Ana aún recordaba con dolor la última noche que pasaron en casa y la última conversación que tuvo con su padre antes de que sus vidas cambiasen por completo, antes de que la familia muriera por siempre. Lo recordaba perfectamente, Alexis había subido a acostarse bañado en lágrimas y con sus preciosos ojos azules enrojecidos de dolor; su madre le había seguido, cogiéndole en brazos nada más llegar a la planta de arriba; y ella se había quedado a solas junto a su padre.
- ¿Por qué os vais?- preguntó ella intentando controlar su enfado, su resentimiento... su dolor.
- Las cosas ya no son como eran, pequeña.- contestó él tristemente.- Hinderburg va a nombrar canciller a Hitler... ¿sabes lo que significa?
- El país se hundirá en la mierda.- murmuró ella, preocupada ante aquella perspectiva.
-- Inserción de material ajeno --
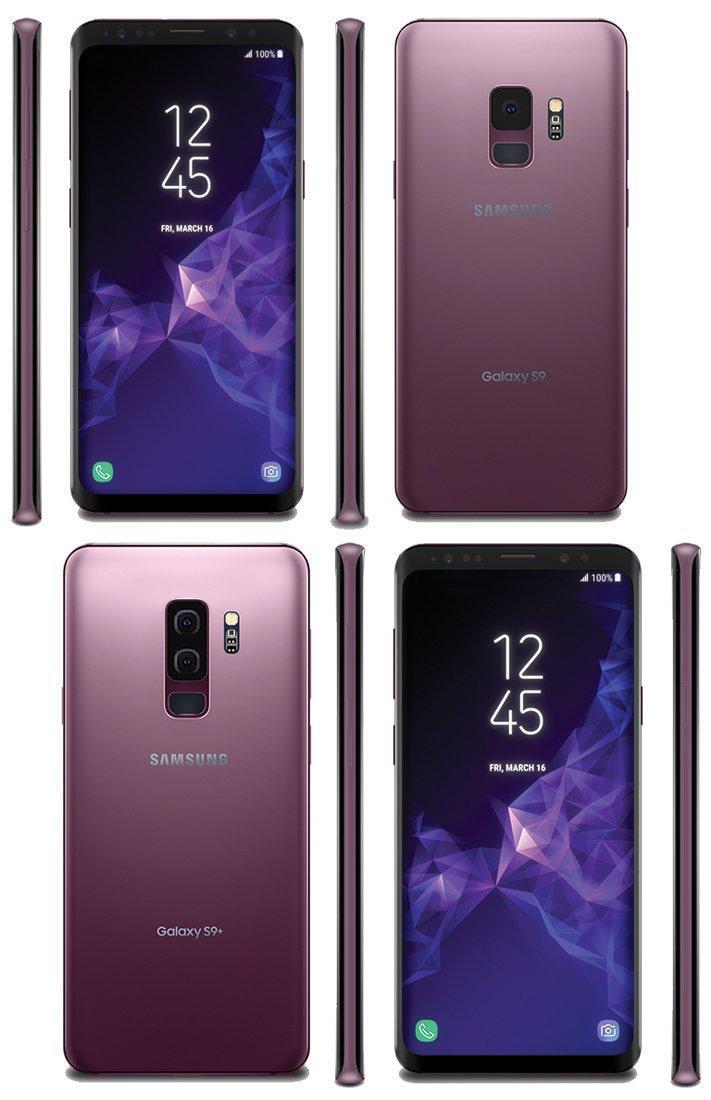 Unlocked Samsung Galaxy S9+ G965U for Boost Verizon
- No, hija, el país en sí será una mierda.-corrigió él con abatimiento.- En cuanto Hitler entre en el gobierno, Hinderburg se convertirá en una marioneta sin poder y los que trabajábamos para el Estado no tendremos escapatoria.
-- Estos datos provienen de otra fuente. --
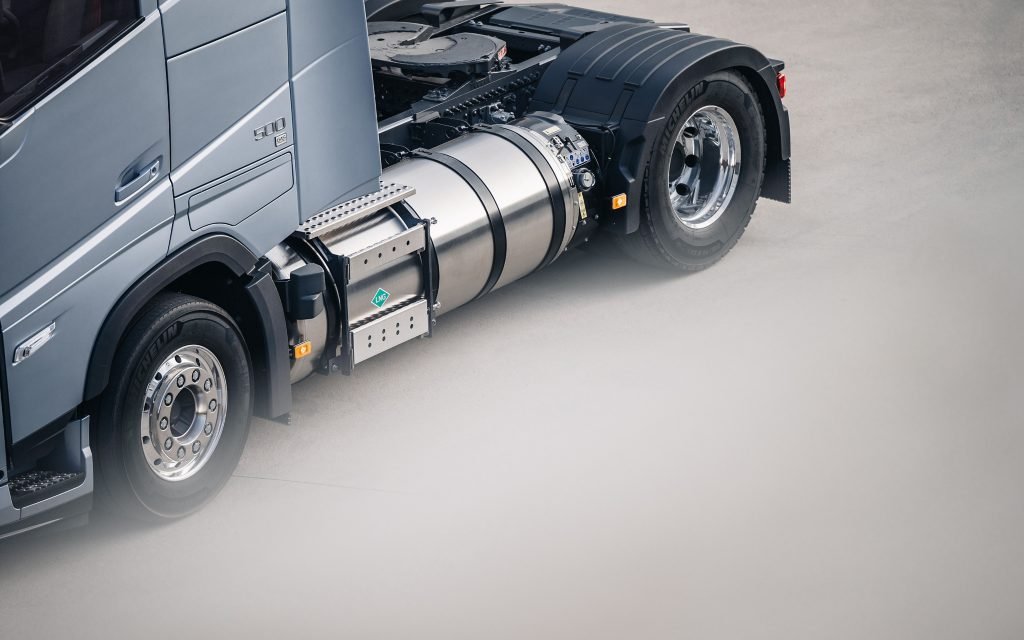 Volvo FH 62T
- Una caza de brujas.- susurró ella conmocionada ante aquella noticia.- Pero... ¿por qué no podemos ir con vosotros?
- Hija mía...- suspiró él, demasiado cansado, demasiado demacrado para soportarlo más.- resultaría increíblemente sospechoso que toda una familia trabajadora del Estado Alemán se fuera a Estados Unidos justo cuando las cosas se ponen feas... ¿entiendes? No tardarían nada en deportarnos de nuevo... en detenernos o... mil cosas más.- explicó él, mirándola con un inusitado cansancio en aquellos ojos azules.- Con tus tíos estaréis a salvo, ellos son miembros muy importantes del partido nazi y os protegerán.
- ¿Nazis? ¿Pretendéis dejarnos en una familia que apoya a Hitler?- preguntó confusa.- No podéis...
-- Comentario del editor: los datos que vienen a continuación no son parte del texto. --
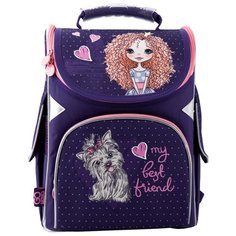 GoPack Ранец GO19-5001S-4, фиолетовый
- Cariño... entiéndenos... por favor
- ¡No! ¡No quiero ni puedo entenderos!- gritó ella, subiendo atropelladamente a la habitación y dejando a su padre allí abajo, sollozando como ella jamás lo había visto.
Sus manos temblaban y, sin quererlo, había empezado a llorar. No podía entender el comportamiento de su padre. No podía entender cómo se podían alejar de aquella manera de su familia... y entonces comenzó a odiar a Hitler y a sus seguidores, sin sospechar el dolor que estos le causarían en un futuro no muy lejano.